By their nature, local truths may be false and wrong. For example, at some time in human past, most people did not know the shape of the planet Earth. The fact that they believed it was a 'flat' is a local truth. As knowledge expanded, such local truth are revealed to be false and replaced by something else.
So, by HISTORY we can mean the totality of all human experiences both the true and the false, the good and the evil, the interesting and the uninteresting. OR history can mean what each person, tribe, people wants it to mean.
I have the fortune of living in the part of the world which has use for toilet paper, but not douches.
#40
Posted 04 July 2011 - 01:57 AM
The only way we can understand who we are and how we got to be that way is by studying the past. Similarly, the only way we can understand others is by studying their past. If we don't understand what made them, who they are and how they think and act,we will make all sorts of mistakes in our interactions with them. Think of how you treat people differently based on how you know them. The same is true for countries when it comes to diplomacy. So here we can say that history should be studied because it is essential to individuals and to society, and because it harbors beauty. So in no condition history can be avoided.
Edited by Aaliah thomas, 04 July 2011 - 01:58 AM.
#41
Posted 04 July 2011 - 08:00 PM
Really history is very important. But before studying history it's important to understand the relevance of history.
The only way we can understand who we are and how we got to be that way is by studying the past. Similarly, the only way we can understand others is by studying their past. If we don't understand what made them, who they are and how they think and act,we will make all sorts of mistakes in our interactions with them. Think of how you treat people differently based on how you know them. The same is true for countries when it comes to diplomacy. So here we can say that history should be studied because it is essential to individuals and to society, and because it harbors beauty. So in no condition history can be avoided.

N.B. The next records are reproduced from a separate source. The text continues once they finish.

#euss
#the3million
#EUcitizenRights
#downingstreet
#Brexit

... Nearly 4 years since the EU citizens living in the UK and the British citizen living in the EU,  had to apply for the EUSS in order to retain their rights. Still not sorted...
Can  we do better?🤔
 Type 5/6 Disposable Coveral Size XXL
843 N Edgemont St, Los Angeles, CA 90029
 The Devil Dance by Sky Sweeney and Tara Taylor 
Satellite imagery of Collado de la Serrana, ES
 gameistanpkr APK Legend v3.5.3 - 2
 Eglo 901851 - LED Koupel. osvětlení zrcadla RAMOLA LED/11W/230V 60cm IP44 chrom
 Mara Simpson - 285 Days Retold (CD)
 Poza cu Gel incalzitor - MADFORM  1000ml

OK, yesterday is history, tomorrow today is history.
There nonetheless problems with recording and writing history, as well as the cultures surrounding history. The bias and misinformation is overwhelming in our current written histories. Answer some of these questions about the history of the Orient.
Where is the origin of the majority of the Japanese people?
What region and Neolithic Cultures of China dominate Chinese culture origins?
What trading goods were most important first in the earliest Silk Road?
Go with the flow the river knows.
化干戈为玉帛 Turn weapons into peace and friendship with gifts of jade-silk.